> _Supplied entries_:
——

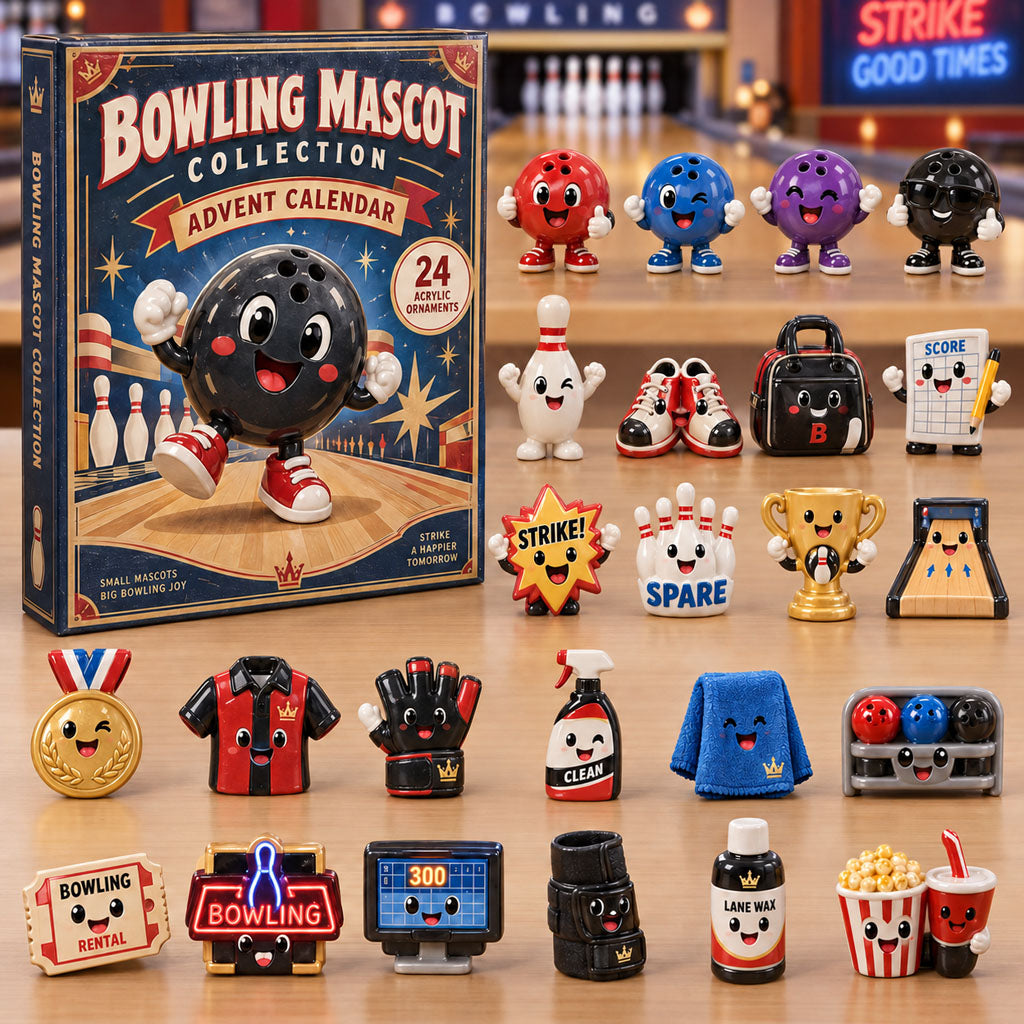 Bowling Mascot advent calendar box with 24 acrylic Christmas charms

——

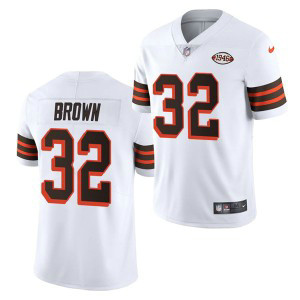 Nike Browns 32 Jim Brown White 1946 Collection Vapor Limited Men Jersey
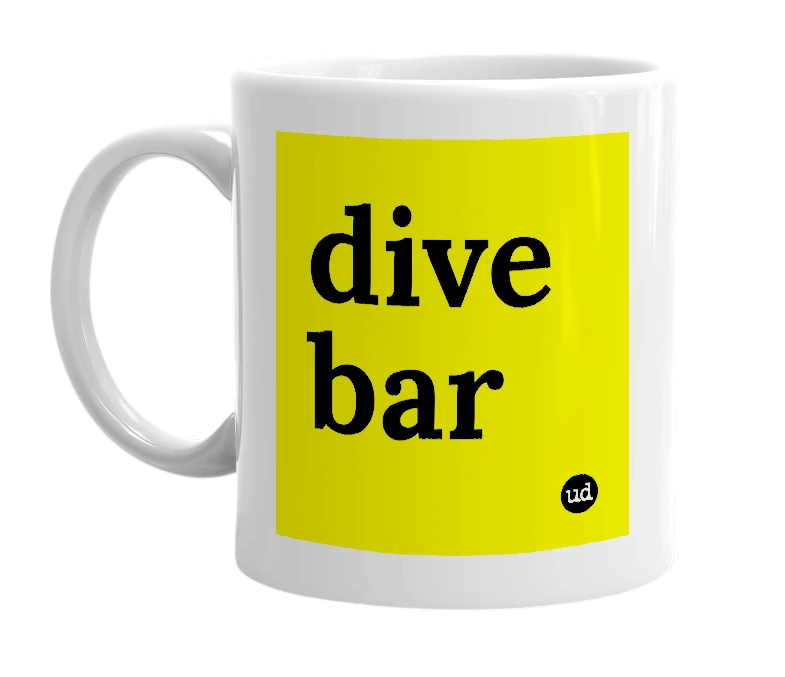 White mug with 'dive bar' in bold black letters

——

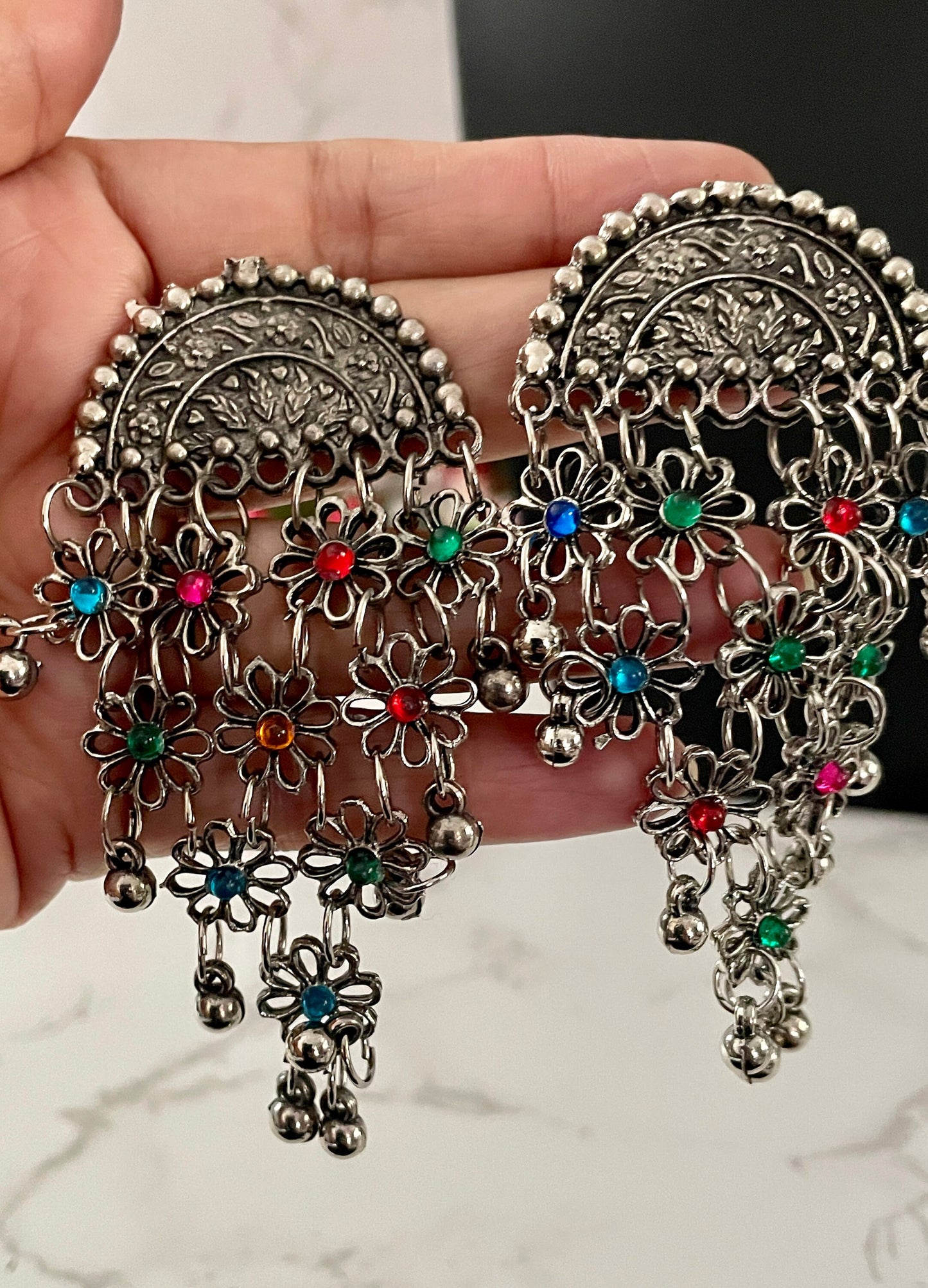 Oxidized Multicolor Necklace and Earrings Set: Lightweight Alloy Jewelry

——

> _Directions for this task_:
Look above for the line containing "Nike Browns 32" and the line containing "White mug with", then reproduce both and everything between them exactly, pictures omitted.

> _Answer box_:
 Nike Browns 32 Jim Brown White 1946 Collection Vapor Limited Men Jersey
 White mug with 'dive bar' in bold black letters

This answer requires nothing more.